- DATA PROVIDED
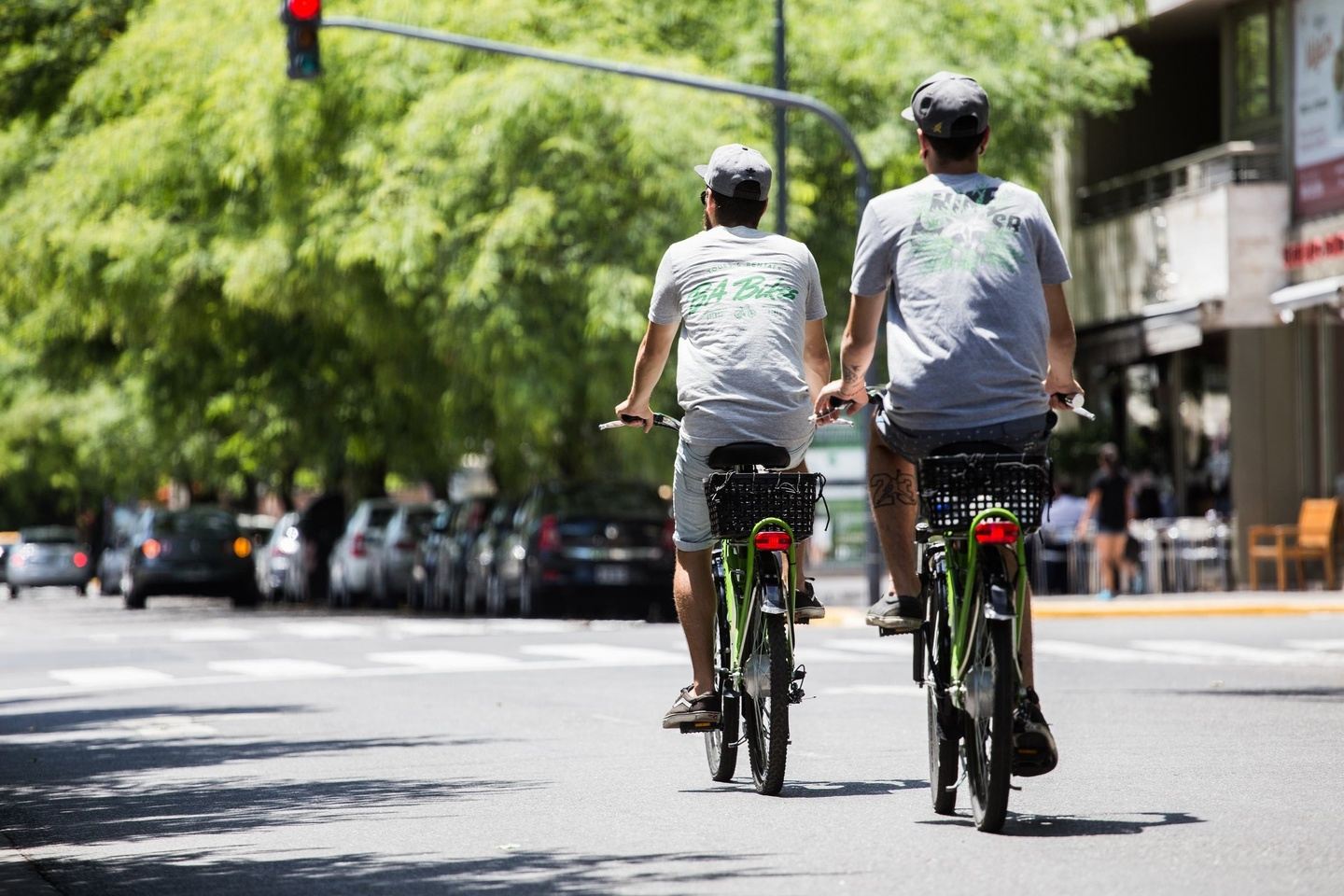 BA Bikes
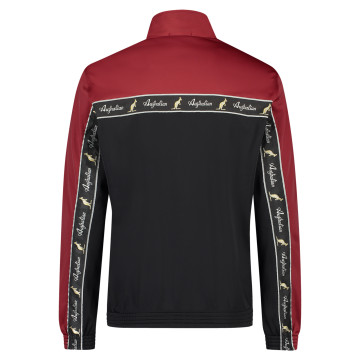 Australian duo jack zwarte borstbies 3.0 | zwart - bordeaux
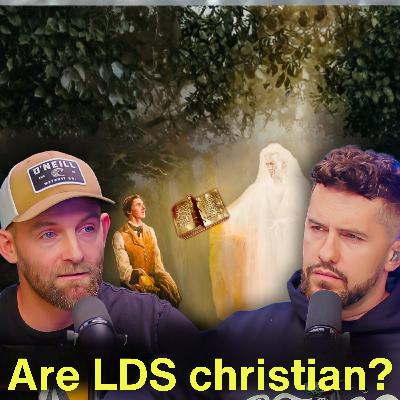 Pressing A Mormon Apologist on if LDS are Christians...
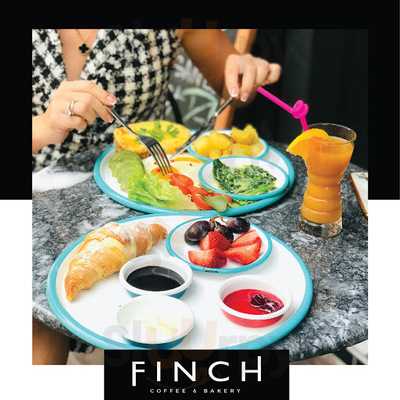 Finch Coffee & Bakery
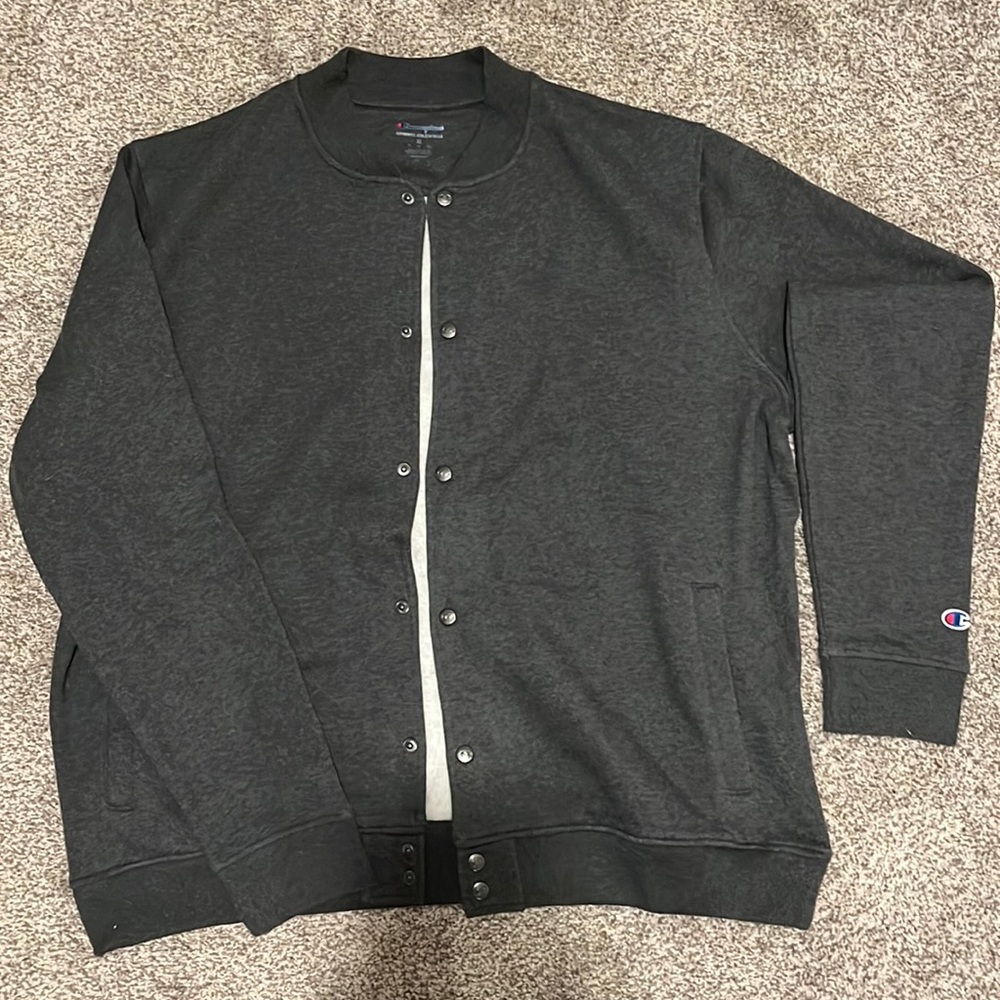 XL Champion Bomber Jacket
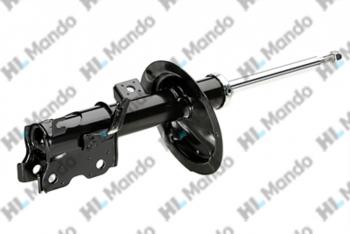 5 199 р. Амортизатор NISSAN Teana (06-08) передний левый газовый MANDO MANDO mss020114  с доставкой в г. Керчь. Увеличить фотографию 3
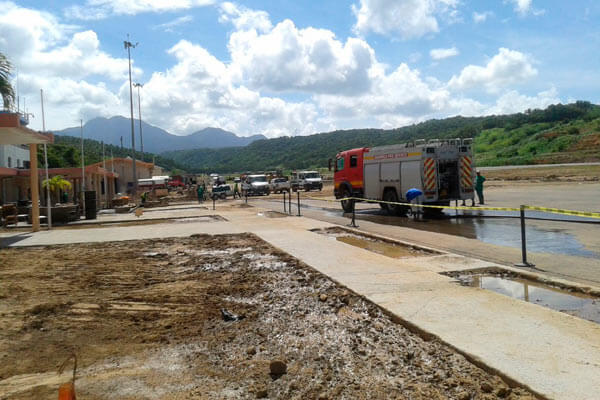 St. Lucia’s PM on Climate Change: ‘Time is against us’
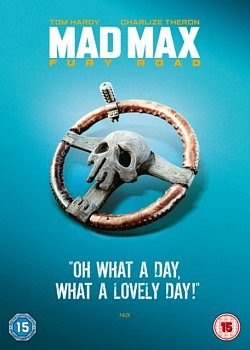 Mad Max Fury Road DVD - MangaShop.ro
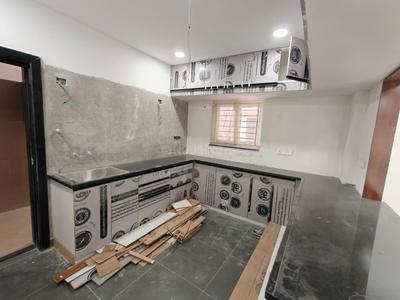 Kitchen Image of 3250 Sq.ft 3 BHK Apartment / Flat for sale in Benz Circle Vijayawada for Rs. 25000100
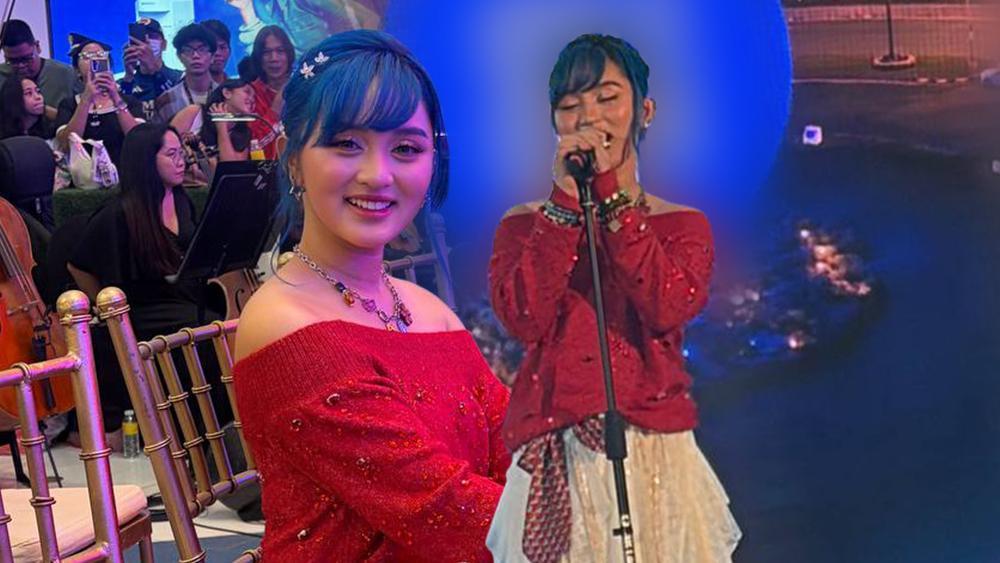 Angela Ken dreams of writing a song for Jose Mari Chan | GMA Entertainment - GMA Network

- BRIEF
Retype the lines starting with the one that holds "Pressing A Mormon" and ending with the last line of the data above, both included; skip the pictures.

- YOUR RESPONSE
 Pressing A Mormon Apologist on if LDS are Christians...
 Finch Coffee & Bakery
 XL Champion Bomber Jacket
 5 199 р. Амортизатор NISSAN Teana (06-08) передний левый газовый MANDO MANDO mss020114  с доставкой в г. Керчь. Увеличить фотографию 3
 St. Lucia’s PM on Climate Change: ‘Time is against us’
 Mad Max Fury Road DVD - MangaShop.ro
 Kitchen Image of 3250 Sq.ft 3 BHK Apartment / Flat for sale in Benz Circle Vijayawada for Rs. 25000100
 Angela Ken dreams of writing a song for Jose Mari Chan | GMA Entertainment - GMA Network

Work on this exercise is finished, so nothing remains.